Welcome to Grenfell’s Portal for Virtual Learning!

Grenfell Campus offers a range of courses that can be taken virtually. These online, remote and flexible courses offer students greater flexibility to complete their degrees and facilitate access for learners who are not currently enrolled in a degree program. 

VirtualGC showcases Grenfell’s 21 undergraduate courses that are available in Winter 2024 along with highlights and tips for learners about the virtual course experience.

Online courses are delivered through the Centre for Innovation in Teaching and Learning (CITL), while remote courses are delivered at scheduled dates and times (synchronously), with no fixed dates and times (asynchronously), or through a mix of the two. Flexible courses offer classes in-person, with students able to participate online at the same time (synchronously).

For undergraduate course registration, click here. Non-degree learners are invited to start here.

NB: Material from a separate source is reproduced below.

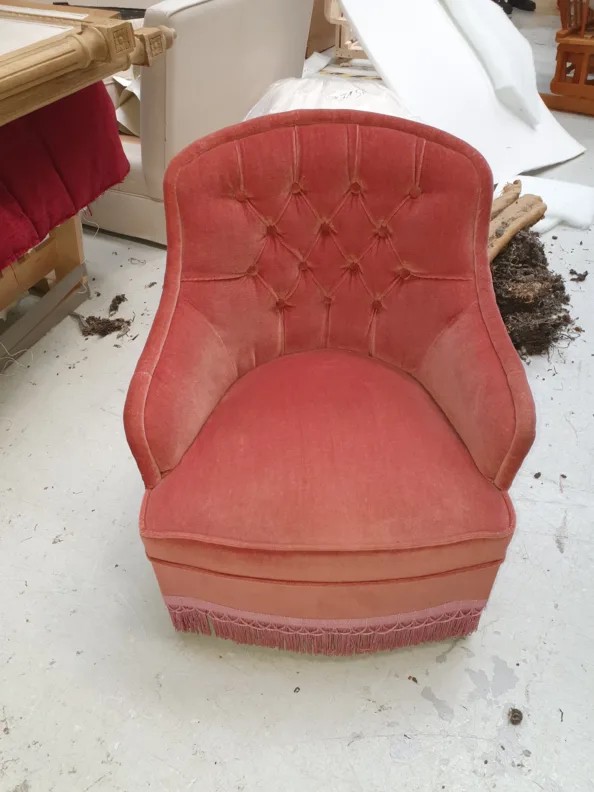 Buttoned Back Chair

Grenfell's new Certificate – a fully virtual program 

At the start of 2022, a new Certificate program was introduced in Grenfell Campus' School of Arts and Social Science. The Certificate in Sustainable Rural Communities is a 7-course, part-time or full-time Certificate program that can be completed fully remotely. The new program engages students in real-life challenges facing rural communities in Newfoundland and Labrador, Atlantic Canada, and beyond. Students will complete two “core” courses:

  • SURC 1800 - Introduction to Sustainable Rural Communities
  • SURC 3800 - Independent Community Project

In addition, Certificate students will take five “elective” courses in various subjects such as business and entrepreneurship, tourism studies, environment and sustainability, Indigenous studies, and more.

“We're delighted to offer remote delivery options so that students can complete the Certificate from anywhere, with a focus on relevant practical skills and theoretical understanding that students can use to support sustainability efforts in rural communities.”

-Brady Reid (he/him), former Coordinator, Certificate in Sustainable Rural Communities, and PhD Candidate (University of Waterloo).

Certificate students will gain real-life experience working with rural community partners on Independent Community Projects, based on the students' interests and skills, connected to the priorities and capacities of community partners. Memorial students already enrolled in degree programs are able to complete the Certificate while working towards their degrees. Interested members of the public can upgrade their credentials while addressing issues in their home communities - without having to leave home.  

Grenfell’s Undergraduate Virtual Courses

In Winter 2024, Grenfell Campus is offering eleven online courses, twelve remote courses, and one flexible course at the undergraduate level. Courses that are open to participation by non-degree students are indicated with a star (*). The full list of undergraduate virtual courses with descriptions is available here.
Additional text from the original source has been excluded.